Another common mistake is outdated or incomplete information in emergency management plans. An example of this is Virginia Tech University’s plan, which, at the time of the shooting, was two years old: this meant it had outdated information in it, such as the name of a previous police chief. Another instance of incomplete information is the case of Columbine High School, where, prior to the shooting, the building layout for the school had not been included in the plans — it has been said by delayed the response of police and other rescue personnel.[3] In situations like these, it certainly seems the point that Coombs[4] makes about the danger of having a plan in place is providing a false sense of security is correct: these have limited usefulness when actually applied to a crisis.

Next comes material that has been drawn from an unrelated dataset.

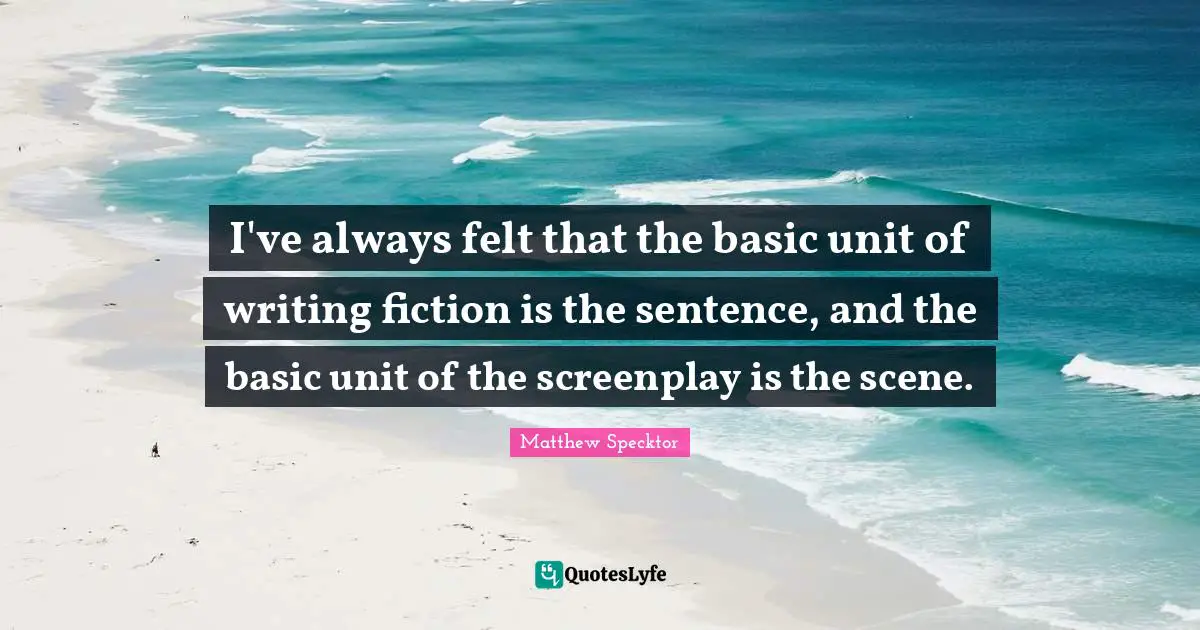 I've always felt that the basic unit of writing fiction is the sentence, and the basic unit of the screenplay is the scene.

Probably the most well-known of emergency management mistakes is the delay in emergency communication at Virginia Tech University (refer back to the blog posted on the 20th August 2014 for more information). In addition to staff error, this transpired because of a number of pre-existing flaws: there was confusion about what ‘timely’ actually meant; there was no set template(s) for emergency communication messages; there were inconsistences in the emergency communication policy and emergency management plans about who had the authority to release an emergency alert. This exemplifies the importance of the linkages between different facets of emergency management: prevention, planning, communication, training and response.

[This blog post was put together using analyses of policy documents produced after the Columbine and Virginia Tech shootings, as well as further reading. The next blog post will document some of the changes made to law to eradicate these flaws.]

[1] Borghesi, Antonio and Barbara Gaudenzi. (2013) Risk Management: How to Assess, Transfer and Communicate Critical Risks. Springer: London, New York. Page 19 cited.

Vestermark, S. D. (1996). ‘Critical decisions, critical elements in an effective school security program.’ In A. M. Hoffman (ed.) Schools, violence and society. Westport, CT: Praeger, 101-122. Page 108 cited.

[2] Coombs, W. Timothy. (2012) Ongoing Crisis Communication: Planning, Managing and Responding (third edition). Thousand Oaks, CA.: Sage. Page 41 cited.

[3] For more details refer to Jefferson County Sherriff report. http://extras.denverpost.com/news/colreport/columbinerep/pages

[4] Coombs, W. Timothy. (2012) Ongoing Crisis Communication: Planning, Managing and Responding (third edition). Thousand Oaks, CA.: Sage. Page 106 cited.